Durante los 100 minutos de su metraje, los Monos pasarán de ser niños disfrazados con trajes militares a renegados de guerra, de preocuparles la muerte de una vaca a banalizar la propia vida humana y de incurrir en castigos infantiles a castigar duramente al que levante la voz. La progresión dramática está llevada de una manera coherente y en la que cada uno de los personajes tiene algo que decir: los hay que quieren ser adultos muy rápido, los hay que no soportan lo que está pasando, los hay que solo quieren salir de allí lo antes posible. Como en cualquier guerra, pero con menos edad.

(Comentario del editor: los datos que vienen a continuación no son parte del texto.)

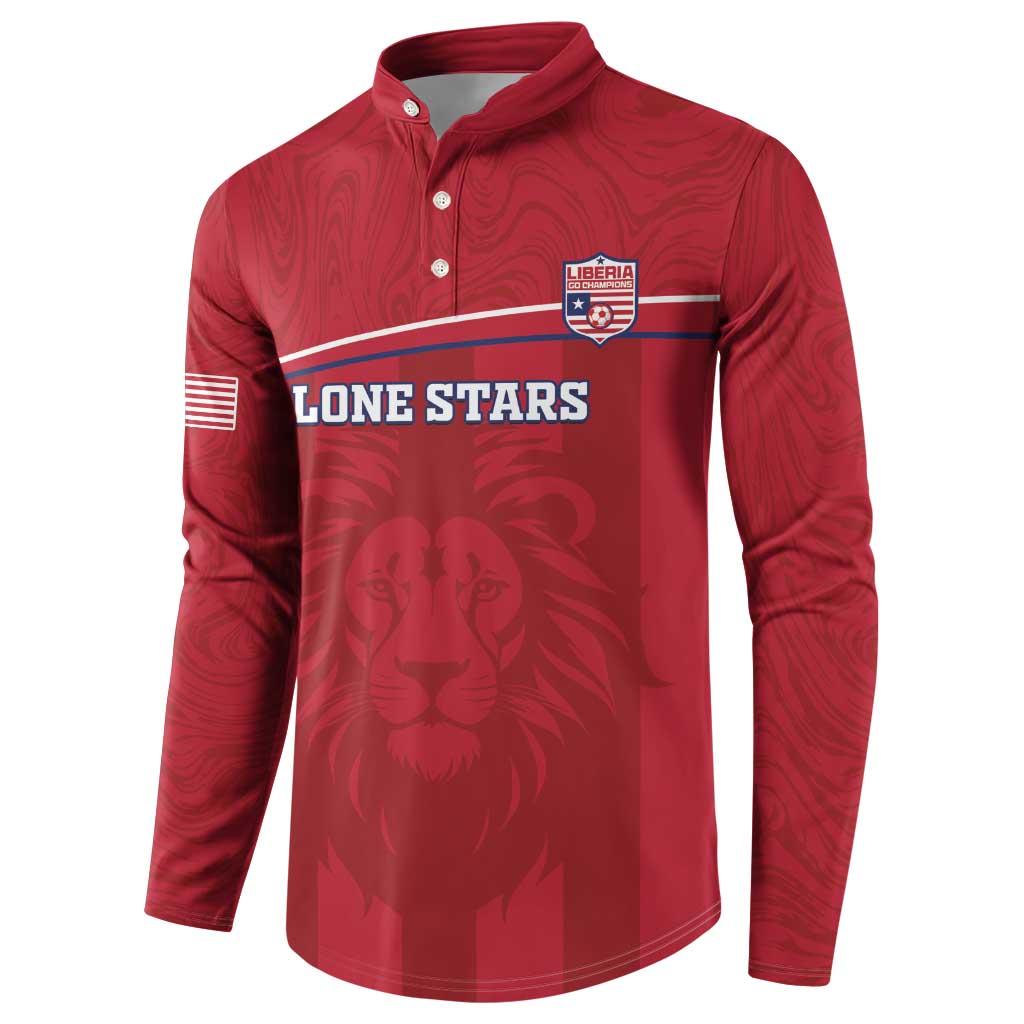 Custom Liberia Football Button Sweatshirt Lion Mascot - Red - Wonder Print Shop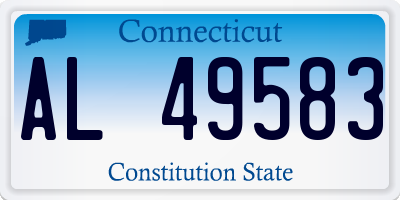 CT license plate AL49583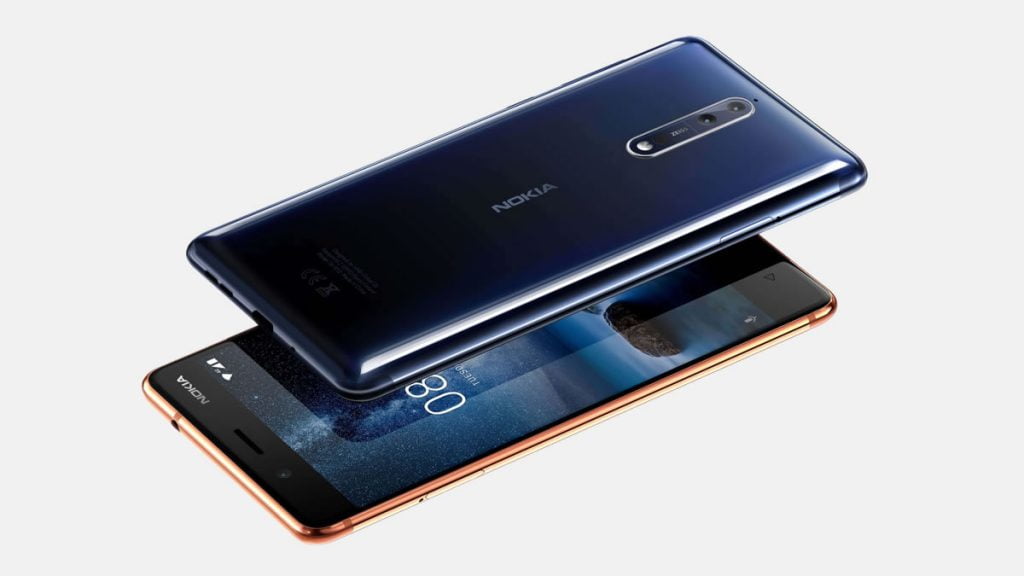 nokia 8 | android 8 oreo | 2017.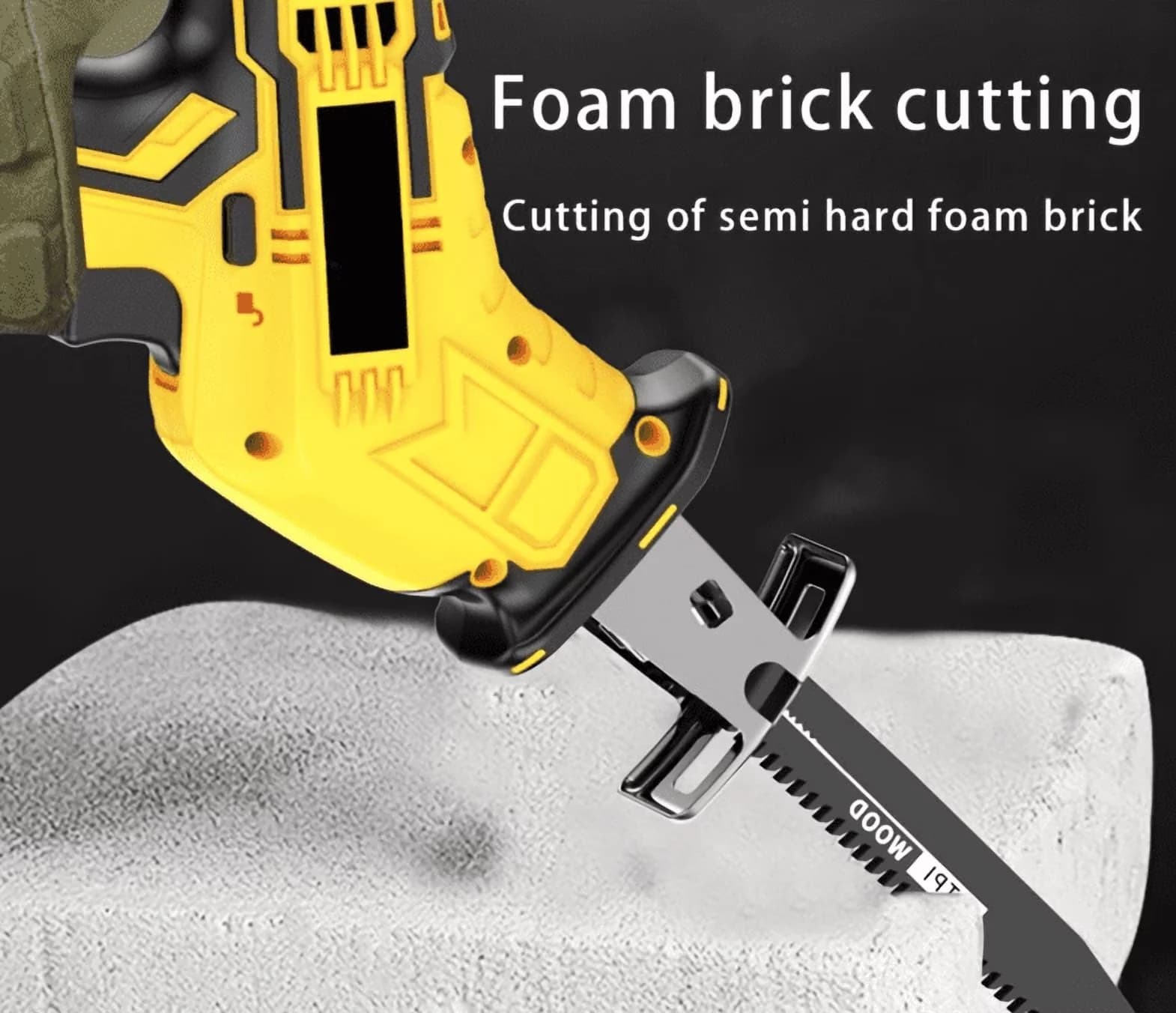 Modern Power Saw with Battery, LED, 21V - Ergonomic Design Model 108C09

Monos impresiona con los planos de nubes en las montañas de Colombia, de la naturaleza desierta que nos muestra cómo estos niños forman una milicia perdida en ninguna parte como miembros de una guerra que quizá no exista. Y aunque en este ambiente se podría haber optado por una historia más interesante, no es menos cierto que se siente verdadera, hecha con cariño y poniendo el foco en la ausencia de una familia, en la necesidad de cariño (y sexo) adolescente y en las relaciones interpersonales de estos personajes, que ni siquiera son personas hechas y derechas y ya tienen responsabilidades que no deberían tener, armados hasta los dientes.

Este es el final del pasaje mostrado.